XXI. On pourrait plutôt discuter jusqu’à un certain point ce que doit faire un captif, quand le prix de sa rançon lui est offert par un homme qui a prostitué son corps et sa bouche aux plus sales complaisances. Souffrirai-je que cet impur devienne mon sauveur ? Et s’il me sauve, de quelle reconnaissance le payerai-je ? Vivrai-je avec un monstre de débauche ? Refuserai-je de vivre avec qui m’a racheté ? Voici quel est mon sentiment. Je recevrai, même d’un homme de cette sorte, la somme que je dois livrer pour ma tête ; mais je la recevrai comme prêt, non comme bienfait. Je lui rembourserai sa somme ; et si l’occasion s’offre à moi de le tirer d’un danger, je l’en tirerai ; quant à l’amitié, ce lien des âmes qui se ressemblent, je ne descendrai pas jusque-là : je ne verrai pas en lui un libérateur, mais un placeur de fonds à qui je sais qu’il faut rendre ce qu’on reçoit. Il y a tel homme qui mérite que je reçoive ses bienfaits, mais qui va se nuire pour m’obliger : je n’accepterai point, par cela même qu’il est prêt à me servir à son détriment ou au prix d’un péril quelconque. Il veut me défendre en justice ; mais cette démarche lui ferait d’un homme puissant un ennemi. Son premier ennemi ce serait moi si, quand il veut s’exposer pour ma cause, à mon tour je ne prenais le parti plus simple de rester exposé tout seul.
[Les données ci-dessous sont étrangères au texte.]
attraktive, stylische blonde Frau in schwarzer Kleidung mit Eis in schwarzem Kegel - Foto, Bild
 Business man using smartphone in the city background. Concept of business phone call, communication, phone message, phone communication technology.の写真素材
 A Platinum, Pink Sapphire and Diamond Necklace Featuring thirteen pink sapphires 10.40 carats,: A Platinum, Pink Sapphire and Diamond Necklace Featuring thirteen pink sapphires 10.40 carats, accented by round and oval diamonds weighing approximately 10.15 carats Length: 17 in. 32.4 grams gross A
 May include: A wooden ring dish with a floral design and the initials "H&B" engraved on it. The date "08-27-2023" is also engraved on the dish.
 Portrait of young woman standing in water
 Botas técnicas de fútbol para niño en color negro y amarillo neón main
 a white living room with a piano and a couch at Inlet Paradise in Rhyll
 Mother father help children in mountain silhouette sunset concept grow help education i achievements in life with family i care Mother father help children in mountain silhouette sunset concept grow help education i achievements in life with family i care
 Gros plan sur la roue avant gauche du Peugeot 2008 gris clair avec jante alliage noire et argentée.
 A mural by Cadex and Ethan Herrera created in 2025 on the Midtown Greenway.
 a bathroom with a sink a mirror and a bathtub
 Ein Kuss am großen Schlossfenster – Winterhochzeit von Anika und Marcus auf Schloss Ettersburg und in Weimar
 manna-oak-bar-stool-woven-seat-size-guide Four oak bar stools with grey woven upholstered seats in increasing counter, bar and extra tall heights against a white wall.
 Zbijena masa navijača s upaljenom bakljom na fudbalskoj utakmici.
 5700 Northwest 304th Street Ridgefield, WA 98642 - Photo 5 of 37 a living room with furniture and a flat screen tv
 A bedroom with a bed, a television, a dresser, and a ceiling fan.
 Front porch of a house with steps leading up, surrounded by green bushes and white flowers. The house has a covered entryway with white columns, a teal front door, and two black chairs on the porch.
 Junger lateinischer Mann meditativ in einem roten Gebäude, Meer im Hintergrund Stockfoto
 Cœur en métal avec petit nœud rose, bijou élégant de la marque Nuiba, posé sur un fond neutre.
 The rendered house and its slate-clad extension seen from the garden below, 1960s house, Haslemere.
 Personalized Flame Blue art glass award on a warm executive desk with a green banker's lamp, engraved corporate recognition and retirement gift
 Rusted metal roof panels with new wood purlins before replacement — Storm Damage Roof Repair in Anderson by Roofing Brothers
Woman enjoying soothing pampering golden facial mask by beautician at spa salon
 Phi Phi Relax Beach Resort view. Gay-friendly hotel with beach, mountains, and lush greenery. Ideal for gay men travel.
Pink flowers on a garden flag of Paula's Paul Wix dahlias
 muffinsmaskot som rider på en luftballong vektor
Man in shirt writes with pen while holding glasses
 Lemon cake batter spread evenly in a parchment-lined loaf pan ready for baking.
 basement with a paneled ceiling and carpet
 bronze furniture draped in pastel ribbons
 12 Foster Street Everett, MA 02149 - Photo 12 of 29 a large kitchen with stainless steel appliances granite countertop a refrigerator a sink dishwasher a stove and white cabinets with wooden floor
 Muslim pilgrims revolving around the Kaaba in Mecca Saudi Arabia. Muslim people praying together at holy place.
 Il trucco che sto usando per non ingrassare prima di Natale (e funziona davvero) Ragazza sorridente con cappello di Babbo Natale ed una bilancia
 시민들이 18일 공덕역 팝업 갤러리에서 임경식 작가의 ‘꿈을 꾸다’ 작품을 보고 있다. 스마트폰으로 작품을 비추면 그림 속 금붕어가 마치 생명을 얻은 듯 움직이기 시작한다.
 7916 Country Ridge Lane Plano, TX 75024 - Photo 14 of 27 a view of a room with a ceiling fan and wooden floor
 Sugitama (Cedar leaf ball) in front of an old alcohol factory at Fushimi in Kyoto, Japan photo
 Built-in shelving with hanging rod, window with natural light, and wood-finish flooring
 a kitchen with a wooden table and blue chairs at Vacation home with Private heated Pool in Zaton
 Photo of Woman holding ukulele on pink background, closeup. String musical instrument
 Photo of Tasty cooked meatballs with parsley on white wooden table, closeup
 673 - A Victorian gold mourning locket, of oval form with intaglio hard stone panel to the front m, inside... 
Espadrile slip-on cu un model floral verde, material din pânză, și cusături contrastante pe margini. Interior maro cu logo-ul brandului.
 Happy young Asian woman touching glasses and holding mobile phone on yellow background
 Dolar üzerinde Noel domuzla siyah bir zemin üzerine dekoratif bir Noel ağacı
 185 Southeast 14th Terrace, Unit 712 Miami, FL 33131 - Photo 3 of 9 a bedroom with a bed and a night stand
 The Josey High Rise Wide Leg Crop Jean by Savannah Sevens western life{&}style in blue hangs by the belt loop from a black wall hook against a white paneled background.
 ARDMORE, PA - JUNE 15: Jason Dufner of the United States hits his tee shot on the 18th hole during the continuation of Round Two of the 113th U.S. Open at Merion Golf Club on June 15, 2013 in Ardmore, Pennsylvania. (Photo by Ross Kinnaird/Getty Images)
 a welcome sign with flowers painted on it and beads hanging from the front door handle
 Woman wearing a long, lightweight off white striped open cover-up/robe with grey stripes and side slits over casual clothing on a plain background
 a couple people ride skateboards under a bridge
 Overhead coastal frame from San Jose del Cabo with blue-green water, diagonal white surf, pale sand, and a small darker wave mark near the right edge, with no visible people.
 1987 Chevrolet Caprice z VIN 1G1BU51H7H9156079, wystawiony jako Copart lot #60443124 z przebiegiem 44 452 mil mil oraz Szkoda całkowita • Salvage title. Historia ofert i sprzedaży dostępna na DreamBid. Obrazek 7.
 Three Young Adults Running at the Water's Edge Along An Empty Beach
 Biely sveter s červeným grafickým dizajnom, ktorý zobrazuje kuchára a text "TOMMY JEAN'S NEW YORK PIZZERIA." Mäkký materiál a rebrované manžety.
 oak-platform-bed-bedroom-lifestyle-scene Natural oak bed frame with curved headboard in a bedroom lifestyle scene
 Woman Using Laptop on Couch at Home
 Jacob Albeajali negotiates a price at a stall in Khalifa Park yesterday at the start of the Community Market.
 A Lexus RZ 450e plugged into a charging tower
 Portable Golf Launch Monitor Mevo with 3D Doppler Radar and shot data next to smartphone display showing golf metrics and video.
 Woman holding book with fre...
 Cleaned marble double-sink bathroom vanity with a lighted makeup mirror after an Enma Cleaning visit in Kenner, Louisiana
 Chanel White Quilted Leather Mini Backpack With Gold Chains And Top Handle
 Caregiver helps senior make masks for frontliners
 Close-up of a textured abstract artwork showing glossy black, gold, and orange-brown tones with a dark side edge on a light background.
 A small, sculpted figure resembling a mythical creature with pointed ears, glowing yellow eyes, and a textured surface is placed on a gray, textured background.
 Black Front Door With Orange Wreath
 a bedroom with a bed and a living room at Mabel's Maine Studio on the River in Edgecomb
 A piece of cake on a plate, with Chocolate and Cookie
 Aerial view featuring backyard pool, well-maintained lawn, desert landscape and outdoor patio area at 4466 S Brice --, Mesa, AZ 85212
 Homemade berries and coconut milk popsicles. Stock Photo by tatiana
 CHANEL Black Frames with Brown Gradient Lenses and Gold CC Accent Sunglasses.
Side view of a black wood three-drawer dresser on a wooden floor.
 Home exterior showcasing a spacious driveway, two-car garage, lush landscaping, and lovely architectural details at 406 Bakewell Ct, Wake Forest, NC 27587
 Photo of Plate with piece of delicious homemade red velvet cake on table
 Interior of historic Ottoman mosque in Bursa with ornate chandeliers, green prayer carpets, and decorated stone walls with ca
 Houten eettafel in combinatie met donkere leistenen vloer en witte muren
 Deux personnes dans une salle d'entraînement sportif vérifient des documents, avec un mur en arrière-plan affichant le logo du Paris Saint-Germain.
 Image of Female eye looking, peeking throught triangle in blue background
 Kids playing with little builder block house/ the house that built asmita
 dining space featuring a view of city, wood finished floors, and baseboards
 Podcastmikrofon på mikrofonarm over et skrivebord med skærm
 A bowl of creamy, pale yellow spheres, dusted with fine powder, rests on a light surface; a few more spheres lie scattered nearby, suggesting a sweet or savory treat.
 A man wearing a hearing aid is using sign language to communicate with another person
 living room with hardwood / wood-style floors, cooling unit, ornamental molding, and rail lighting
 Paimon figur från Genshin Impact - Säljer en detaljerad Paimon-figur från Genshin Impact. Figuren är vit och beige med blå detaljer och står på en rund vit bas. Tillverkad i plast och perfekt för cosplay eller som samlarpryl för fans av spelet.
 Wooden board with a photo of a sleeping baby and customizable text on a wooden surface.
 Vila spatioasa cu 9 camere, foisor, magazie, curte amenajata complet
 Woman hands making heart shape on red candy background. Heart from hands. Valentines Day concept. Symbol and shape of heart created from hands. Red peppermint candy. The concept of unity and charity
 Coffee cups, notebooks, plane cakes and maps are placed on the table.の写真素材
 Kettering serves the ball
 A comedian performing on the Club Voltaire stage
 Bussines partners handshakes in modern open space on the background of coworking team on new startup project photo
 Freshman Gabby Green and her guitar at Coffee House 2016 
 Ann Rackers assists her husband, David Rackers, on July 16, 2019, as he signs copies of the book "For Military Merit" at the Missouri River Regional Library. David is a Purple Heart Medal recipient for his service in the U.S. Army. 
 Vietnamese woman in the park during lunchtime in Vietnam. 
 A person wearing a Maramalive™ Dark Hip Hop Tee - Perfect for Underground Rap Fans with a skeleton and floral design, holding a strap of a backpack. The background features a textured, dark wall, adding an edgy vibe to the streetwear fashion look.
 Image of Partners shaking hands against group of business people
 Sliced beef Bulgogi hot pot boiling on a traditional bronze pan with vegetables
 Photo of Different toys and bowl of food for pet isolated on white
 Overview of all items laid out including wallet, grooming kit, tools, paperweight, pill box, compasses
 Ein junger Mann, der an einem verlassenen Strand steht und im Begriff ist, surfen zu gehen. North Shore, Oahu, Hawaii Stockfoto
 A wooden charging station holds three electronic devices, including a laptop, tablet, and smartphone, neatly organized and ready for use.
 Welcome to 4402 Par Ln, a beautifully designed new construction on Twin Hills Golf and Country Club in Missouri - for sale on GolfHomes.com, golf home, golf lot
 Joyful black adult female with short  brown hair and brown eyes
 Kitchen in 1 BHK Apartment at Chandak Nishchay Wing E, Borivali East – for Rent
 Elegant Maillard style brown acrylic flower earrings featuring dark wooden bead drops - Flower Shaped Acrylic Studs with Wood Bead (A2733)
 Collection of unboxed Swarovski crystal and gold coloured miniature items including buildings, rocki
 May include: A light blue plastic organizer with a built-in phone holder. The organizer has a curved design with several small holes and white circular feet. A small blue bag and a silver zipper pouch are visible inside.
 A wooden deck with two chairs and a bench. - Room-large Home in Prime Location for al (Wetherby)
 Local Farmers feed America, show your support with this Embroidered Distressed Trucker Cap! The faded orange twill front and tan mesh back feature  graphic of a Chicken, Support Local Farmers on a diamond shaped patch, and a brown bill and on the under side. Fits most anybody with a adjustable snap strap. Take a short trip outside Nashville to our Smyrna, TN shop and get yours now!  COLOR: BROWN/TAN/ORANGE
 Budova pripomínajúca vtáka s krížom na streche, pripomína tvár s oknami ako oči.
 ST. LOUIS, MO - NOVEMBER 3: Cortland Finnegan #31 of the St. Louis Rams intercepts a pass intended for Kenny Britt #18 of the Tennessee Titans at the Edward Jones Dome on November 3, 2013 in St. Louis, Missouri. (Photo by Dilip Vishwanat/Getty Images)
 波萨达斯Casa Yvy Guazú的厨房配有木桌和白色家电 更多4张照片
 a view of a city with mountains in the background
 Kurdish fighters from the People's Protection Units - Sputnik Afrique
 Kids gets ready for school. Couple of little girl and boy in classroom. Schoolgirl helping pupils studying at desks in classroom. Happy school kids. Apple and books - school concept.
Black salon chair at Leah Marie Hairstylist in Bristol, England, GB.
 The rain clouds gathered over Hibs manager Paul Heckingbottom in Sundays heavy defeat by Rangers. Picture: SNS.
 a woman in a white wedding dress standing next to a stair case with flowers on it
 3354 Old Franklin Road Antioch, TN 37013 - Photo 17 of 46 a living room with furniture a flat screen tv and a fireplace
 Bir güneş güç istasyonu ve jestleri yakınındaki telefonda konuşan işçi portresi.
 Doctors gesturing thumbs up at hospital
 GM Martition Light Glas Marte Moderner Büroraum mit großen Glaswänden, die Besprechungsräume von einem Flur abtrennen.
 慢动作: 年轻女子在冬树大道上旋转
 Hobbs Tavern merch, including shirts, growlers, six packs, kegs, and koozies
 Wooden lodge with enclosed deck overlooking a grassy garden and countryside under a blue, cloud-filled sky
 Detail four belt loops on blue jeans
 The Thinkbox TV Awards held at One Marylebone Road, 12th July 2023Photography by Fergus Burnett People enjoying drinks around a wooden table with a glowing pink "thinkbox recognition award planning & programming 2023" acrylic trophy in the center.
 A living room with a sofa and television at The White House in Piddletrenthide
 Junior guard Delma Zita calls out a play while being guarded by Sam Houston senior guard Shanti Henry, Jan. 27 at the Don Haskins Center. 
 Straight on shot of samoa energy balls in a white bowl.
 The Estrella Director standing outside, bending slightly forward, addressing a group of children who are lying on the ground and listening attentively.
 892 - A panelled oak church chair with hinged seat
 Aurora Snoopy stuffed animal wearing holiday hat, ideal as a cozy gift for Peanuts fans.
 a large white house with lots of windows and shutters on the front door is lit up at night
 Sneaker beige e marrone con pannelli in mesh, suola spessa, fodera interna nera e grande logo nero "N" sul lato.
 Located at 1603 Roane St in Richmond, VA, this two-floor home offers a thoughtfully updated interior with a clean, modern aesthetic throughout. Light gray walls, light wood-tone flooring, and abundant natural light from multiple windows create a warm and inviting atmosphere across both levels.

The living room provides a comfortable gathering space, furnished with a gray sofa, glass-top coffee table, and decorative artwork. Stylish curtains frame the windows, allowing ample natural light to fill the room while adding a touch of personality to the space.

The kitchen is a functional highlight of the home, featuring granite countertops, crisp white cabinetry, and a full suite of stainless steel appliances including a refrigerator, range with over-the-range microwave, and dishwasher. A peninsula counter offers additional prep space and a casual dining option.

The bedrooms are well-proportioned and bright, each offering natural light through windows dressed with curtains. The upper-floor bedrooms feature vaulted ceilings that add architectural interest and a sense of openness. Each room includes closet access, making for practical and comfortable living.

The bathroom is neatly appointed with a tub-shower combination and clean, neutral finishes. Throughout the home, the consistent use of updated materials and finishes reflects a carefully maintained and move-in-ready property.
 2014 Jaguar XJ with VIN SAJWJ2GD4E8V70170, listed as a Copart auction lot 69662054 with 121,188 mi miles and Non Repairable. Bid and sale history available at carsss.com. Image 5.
Je ne vois rien que d’insignifiant et de fort ordinaire dans ce trait cité par Hécaton : Arcésilas, dit-il, refusa d’un fils de famille une offre d’argent, pour ne pas offenser le père, qui était avare. Qu’y avait-il de si louable à ne pas recéler un vol, à aimer mieux ne pas recevoir que d’avoir à restituer ? La belle modération, de ne pas accepter le bien d’autrui ! S’il nous faut un exemple de noble désintéressement, prenons celui de Gracinus Julius, du grand citoyen que Caligula fit tuer, par cela seul qu’il ne convenait pas au tyran de trouver chez personne une pareille vertu[1]. Græcinus, un jour qu’il recevait l’argent que lui envoyaient ses amis pour contribuer

  1. Græcinus avait refusé de se porter accusateur de Silanus. Il fut le père d’Agricola.